As a rule, justice is that, which is happening to us right now.”

On the day I celebrated by 40th birthday, I began to work as an independent and private attorney-at-law. This was not always the case, so first I would like to say a few words about my past.

I was born in Brno, city district of Líšeň where I also spent my childhood during the dark totalitarian era without any exceptional upheavals and on that occasion, as if by the way, finished my studies at primary school in which a nowadays unheard of family environment reigned.
So, just like the vast majority of my fellow pupils, it was far from clear what would or should become of me. I was certain of only one thing and that was that I did not want to be a cosmonaut. In the middle of the 1980s I graduated from the “Grammar School on Křenová”.

After a short struggle for further educational development, I was accepted in the graduation year of 1985 at the Faculty of Law at the Jan Evangelista Purkyně University (now the Masaryk University) in Brno. I believe that graduating from the faculty of law at that decisive time of slowly dying socialism in our country did not deviate in any way from the standards usual then.

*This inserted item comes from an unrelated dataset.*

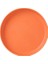 Shanhua Shop Orange Round Plate Style Plastic Plates Reusable ,unbreakable Sturdy Plastic Dinner Plates Bpa Free Dishwasher Safe For Home,kitchen,dinning, Outdoor Use (Yurt Dışından) 1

Already during my time at the faculty I devoted all of my efforts to my aim, which was work in the field of advocacy, at that time still a state-run organisation, an aim that I achieved in August 1989 with my acceptance at a legal aid office in Vyškov. My mentor at that time - and also to this very day - was JUDr. Plhal, head of the legal aid office and also the commissioner of the testing committee at the Bar Association for administrative law. The most important thing my coach imparted to me was classic legal training as he was a continuous successor of the attorneys-at-law of the First Republic. A definite minus point was the brevity of my experience in Vyškov, because in October 1989 I started by basic military training. The Velvet Revolution meant that state-run advocacy was cancelled along with my position and I came back from my military training as one of the unemployed. At that time I was advised by the chairman of the Southern Moravian Bar Association, which was coming to the end of its time, to call round my colleagues and see if anybody needed an articled clerk. And they did. JUDr. Boleslav Pospíšil, an erudite professional, above all in the field of Civil Law – material and procedural. For two years of my time as an articled clerk here I gained experience, underwent all of the necessary problems and gradually won my spurs.

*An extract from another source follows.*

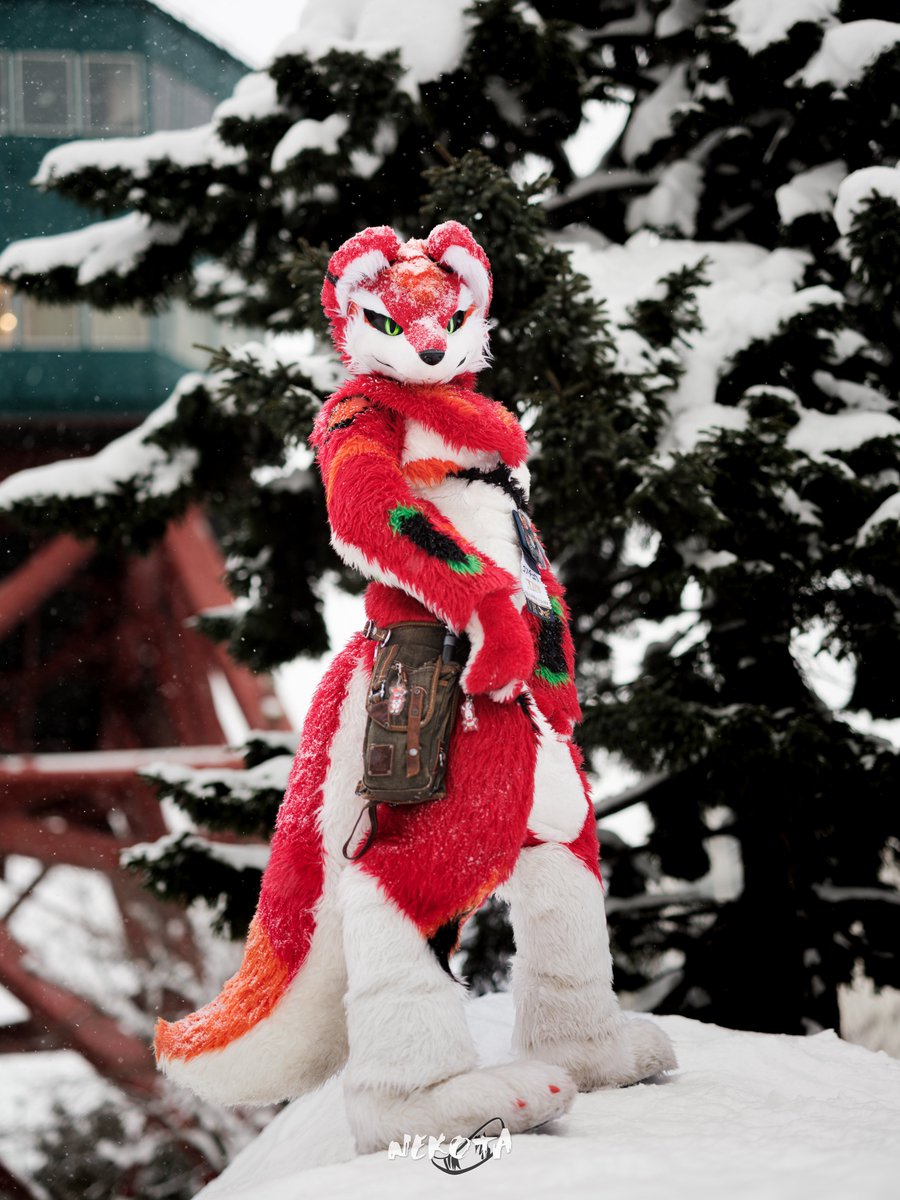 ネコタ@NEKOTA➡寺もふ (@hinekota) / Posts / X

After this, still during my compulsory experience as an articled clerk, I changed my coach. My next and currently last employer was JUDr. Roman Heyduk who especially practiced law with an international element and commercial law. He was able in an exemplary manner to analyse problems in-depth and deduce an unexpectedly logical solution from individual and insignificant circumstantial evidence. Apart from expanding my legal expertise, here I was able to also gain experience of how to read people and their characters.

After this it was only the oncoming maturity into manhood that caused my separation and determination of new goals, transformed into the current reality.